Image-text web data:
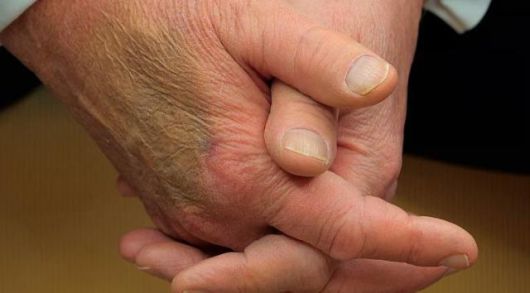 지난 2월 에마뉘엘 마크롱 프랑스 대통령과의 만남에서 포착된 도널드 트럼프 미국 대통령의 오른쪽 손등 멍자국. X 캡처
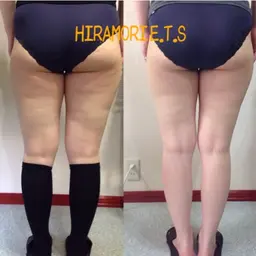 ボディー部分集中引き締めケア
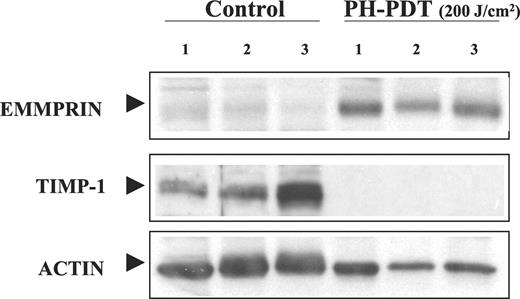 Fig. 2. Protein expression profiles of extracellular MMP inducer (EMMPRIN) and tissue inhibitor of metalloproteinase 1 (TIMP-1) are modulated in photodynamic therapy (PDT)-treated BA mammary tumors. Western immunoblot analysis showing expression of EMMPRIN, TIMP-1, and actin in tumors from three control and three PDT-treated mice. Tumor samples were collected 24 h after a 200 J/cm2 PDT dose. PH, Photofrin porfimer sodium.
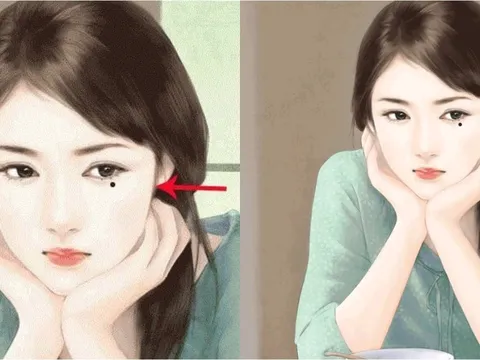 3 nốt ruồi may mắn: Ai có được cả đời sống trong nhung lụa, thật đáng chúc mừng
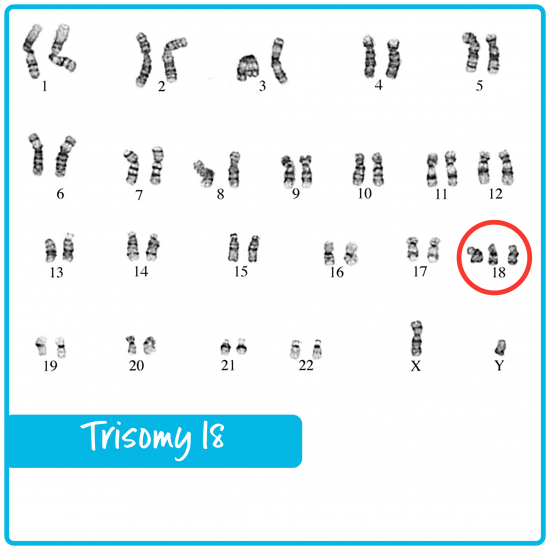 15 - سندرم ادواردز, تریزومی 18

_EXERCISE PROMPT:_
Give the entries again word for word, but skip the pictures.

_RESULT BELOW:_
 지난 2월 에마뉘엘 마크롱 프랑스 대통령과의 만남에서 포착된 도널드 트럼프 미국 대통령의 오른쪽 손등 멍자국. X 캡처
 ボディー部分集中引き締めケア
 Fig. 2. Protein expression profiles of extracellular MMP inducer (EMMPRIN) and tissue inhibitor of metalloproteinase 1 (TIMP-1) are modulated in photodynamic therapy (PDT)-treated BA mammary tumors. Western immunoblot analysis showing expression of EMMPRIN, TIMP-1, and actin in tumors from three control and three PDT-treated mice. Tumor samples were collected 24 h after a 200 J/cm2 PDT dose. PH, Photofrin porfimer sodium.
 3 nốt ruồi may mắn: Ai có được cả đời sống trong nhung lụa, thật đáng chúc mừng
 15 - سندرم ادواردز, تریزومی 18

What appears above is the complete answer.